**EXERCISE DESCRIPTION:** Find the line with "Philly2015DParks Women Kelly" in the records below, then please transcribe it and every later line exactly, omitting the pictures and adding nothing.

**EXTRACTED MATERIAL:**
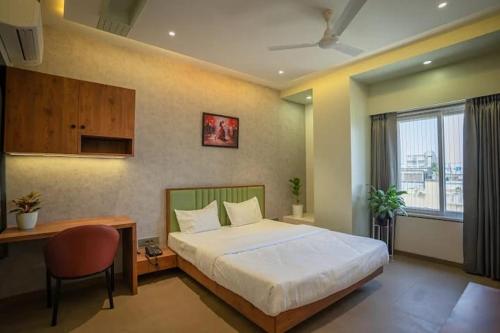 1 dormitorio con 1 cama grande, escritorio y ventana en Hotel Amar Palace Ahmednagar en Ahmadnagar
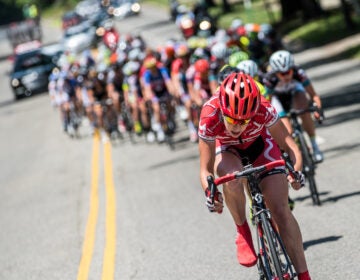 Philly2015DParks Women Kelly Drive-0954 a competitor rides her bicycle in front of other cycling competitors along a road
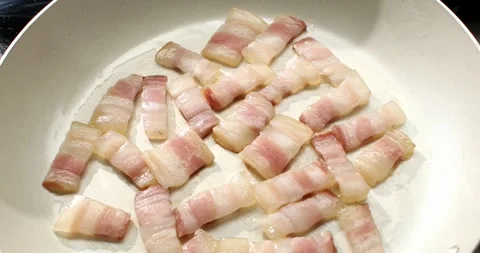 Chopped bacon, pancetta fried in a pan. top view. cooking pasta carbonara. Stock Footage 245359393
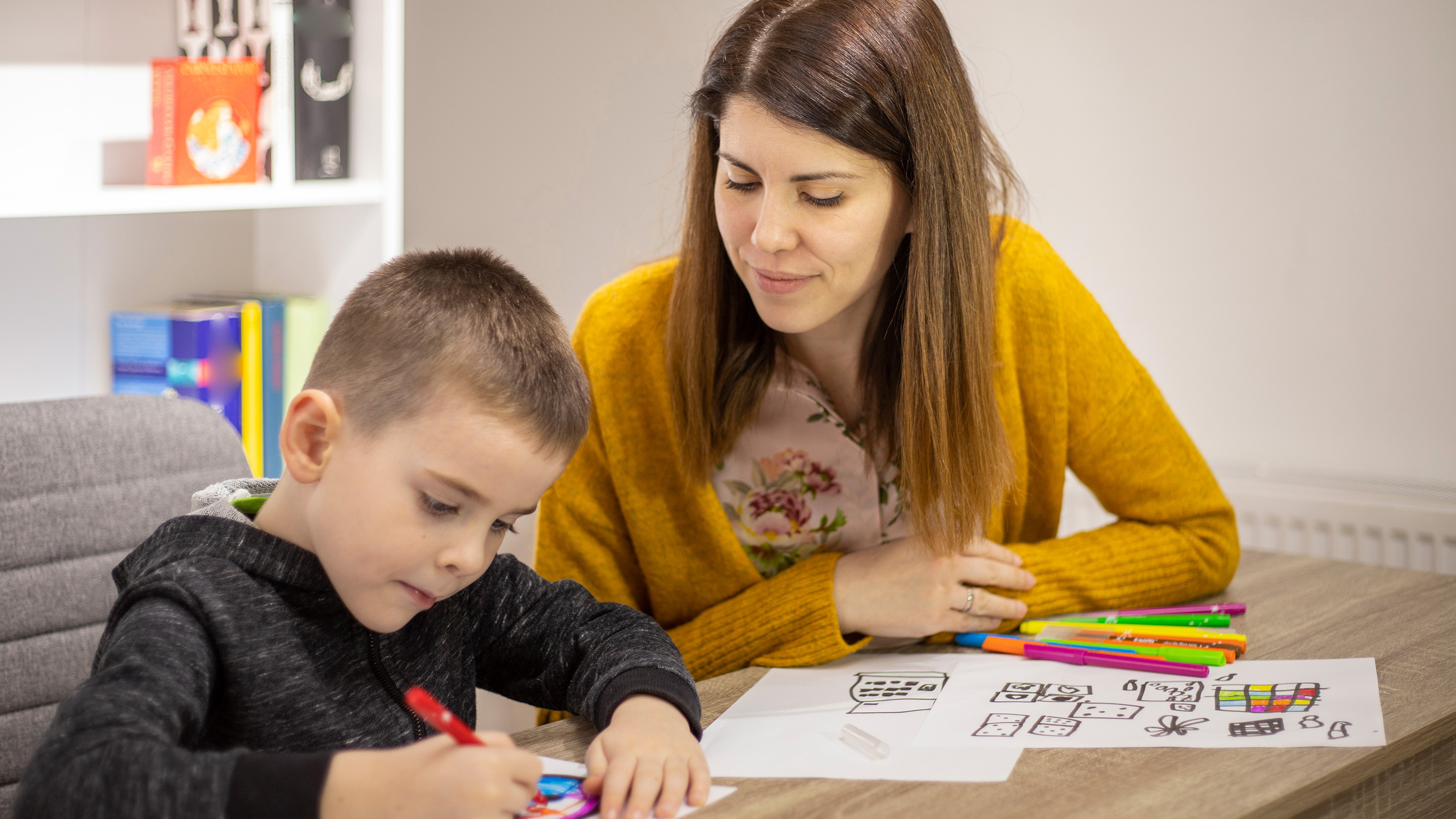 A school counselor works alongside a child as they draw pictures at a desk.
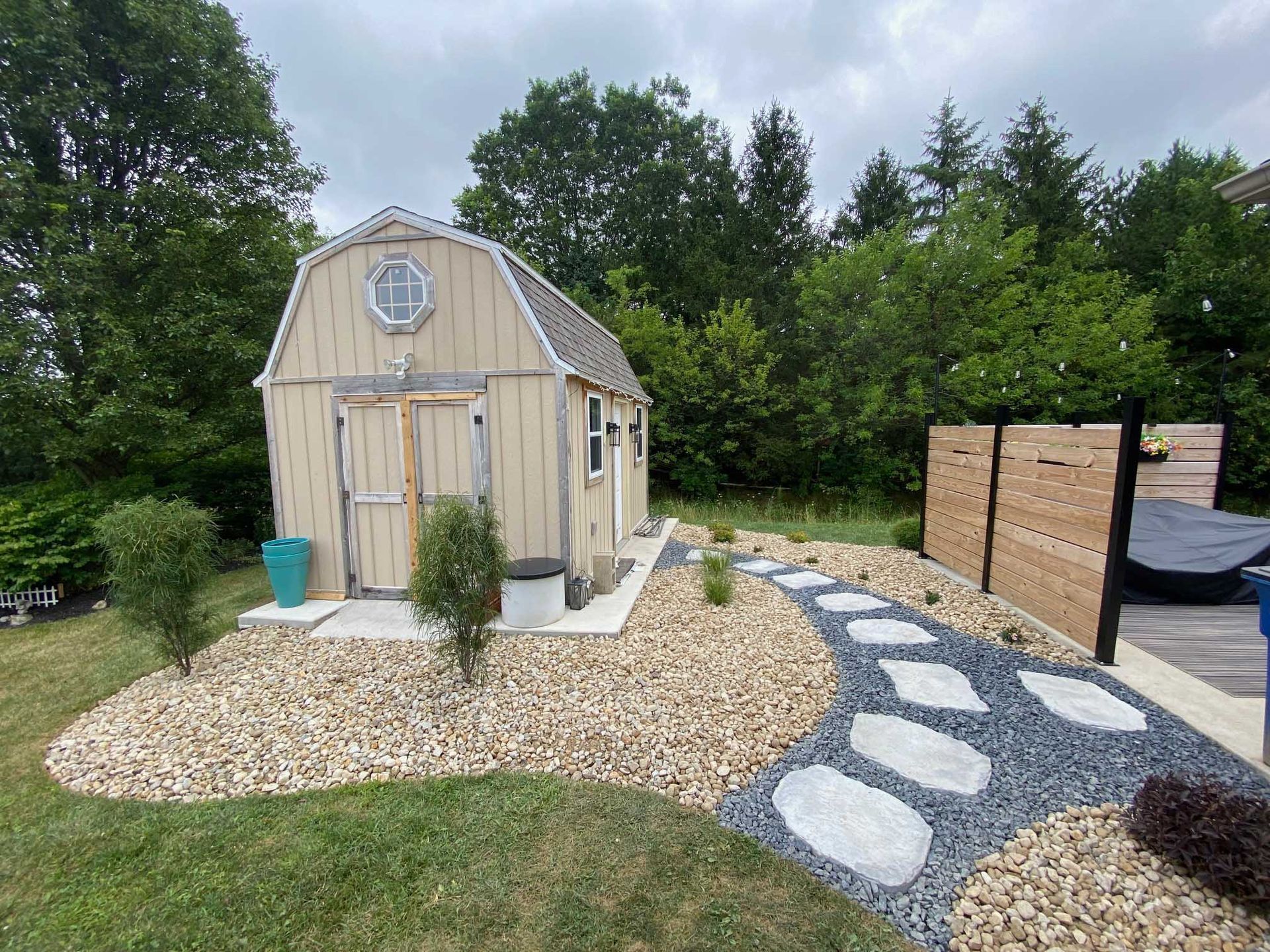 Tan shed in a yard with a rock pathway and landscaping. Trees and a fence are in the background.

**RESPONSE TO THIS TASK:**
 Philly2015DParks Women Kelly Drive-0954 a competitor rides her bicycle in front of other cycling competitors along a road
 Chopped bacon, pancetta fried in a pan. top view. cooking pasta carbonara. Stock Footage 245359393
 A school counselor works alongside a child as they draw pictures at a desk.
 Tan shed in a yard with a rock pathway and landscaping. Trees and a fence are in the background.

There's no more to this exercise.